The FAA will continue to accept public comment until Nov. 1, either online or via mail sent to Docket Operations, M-30; U.S. Department of Transportation, 1200 New Jersey Ave. SE, Room W12-140, West Building Ground Floor, Washington, D.C. 20590-0001.

So far, the federal agency has received nearly 5,000 comments, mostly from fliers with gripes about the size of seats and legroom offered on airlines.

“I feel like I’m not all that large. I wear a size 8 jeans, size 10 dress and I feel like if I got the littlest bit bigger I wouldn’t fit,” wrote one commenter from San Jose. “And I hate how my bigger friends are treated when they try to fly.

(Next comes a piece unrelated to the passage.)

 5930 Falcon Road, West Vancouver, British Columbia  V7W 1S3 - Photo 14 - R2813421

If left to the airlines they would have us standing up in order to park more people onto the plane.”

An airline traveler from Arcadia also suggested in a submission that the FAA needs to impose seat standards “before the airlines have us all standing like cattle on a transport!”

“Profits over comfort at all costs is now beyond ridiculous!” the commenter wrote.

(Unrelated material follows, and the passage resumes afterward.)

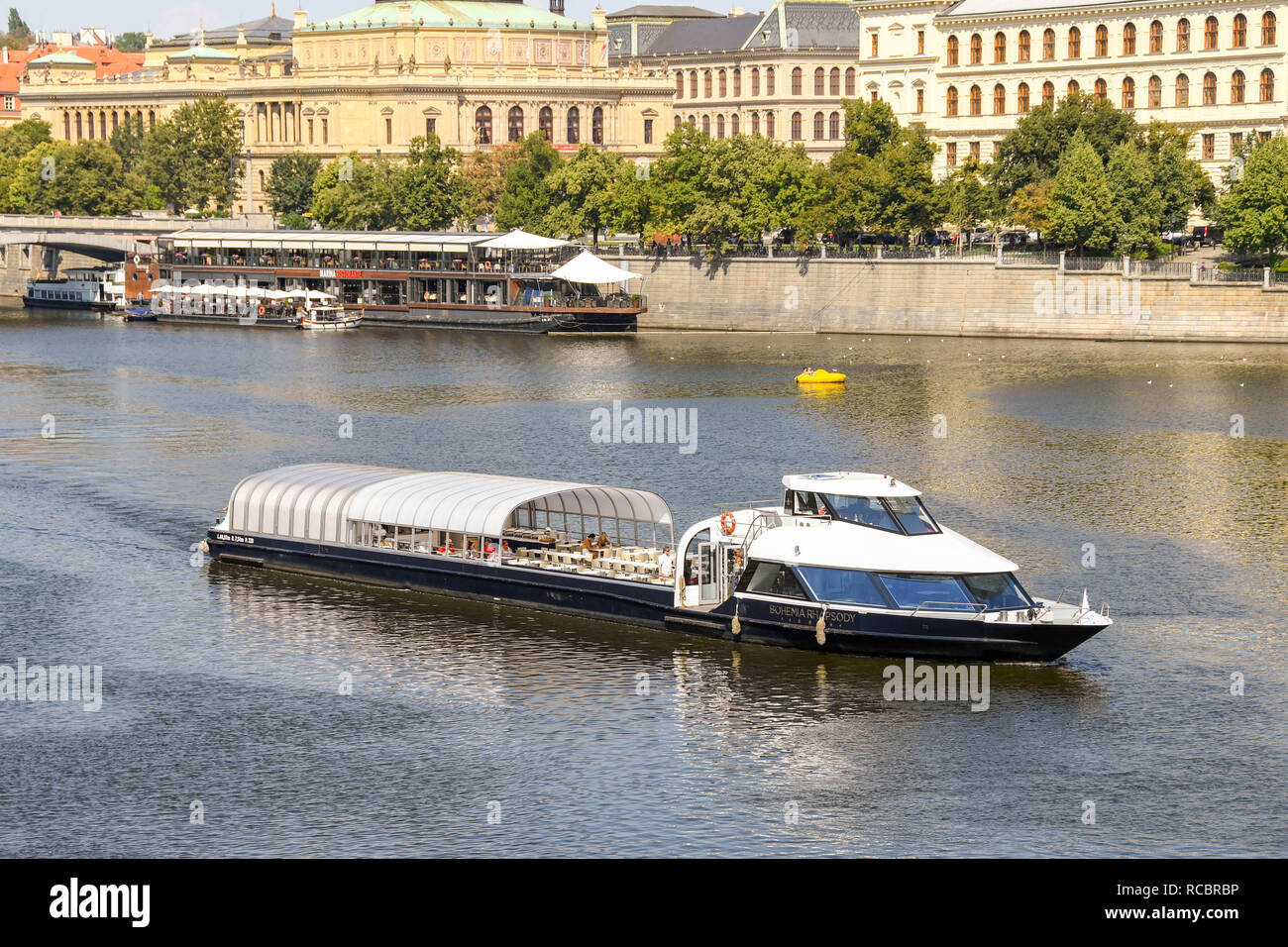 PRAGUE, RÉPUBLIQUE TCHÈQUE - Juillet 2018 : bateau restaurant avec verrière coulissante sur la Vltava à Prague. Banque D'Images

Seat size and legroom is a concern for fliers with disabilities, said Eric Lipp, executive director of the Open Doors Organization, a nonprofit that promotes the rights of travelers with disabilities. Cramped seats make it harder for travelers who are larger because of a disability or who travel with a service dog to fly on a commercial plane, he said.

The debate over standard seat size has been brewing for years, with airlines pushing hard to keep the government from regulating the size of seats and the legroom between them. Under pressure from frustrated passengers and consumer advocates, Congress instructed the FAA in a 2018 financing bill to consider adopting seat standards.

In response to the directions from Congress, the FAA conducted a series of evacuation tests, using 775 volunteers in several simulated airline cabins at a test facility in Oklahoma. The volunteers varied in size, age and weight but most of them were heavier than the average American traveler because “the Oklahoma population is typically larger, heavier, and can be assumed to be slower than the average U.S. population,” according to the FAA study.

In some evacuation tests, the volunteers were offered extra money as motivation to be among the first to evacuate during the simulated evacuations.

Some of the tests used seats with a 28-inch pitch, among the narrowest found in the industry. The results “indicate that evacuations at a narrow seat pitch are safe for virtually all (99%) of the able-bodied population,” according to the study.

The FAA study added this caveat: “The study results do not consider passenger comfort (or the lack thereof), which impacts a passenger’s sense of well-being during a flight.”

Passenger advocates like Breyault question the ability of such studies to accurately gauge what would happen in a real-life scenario.

“Physics tells you the more people you pack into a plane the longer it will take to evacuate,” he said. “It’s hard to believe the current seat sizes are safe.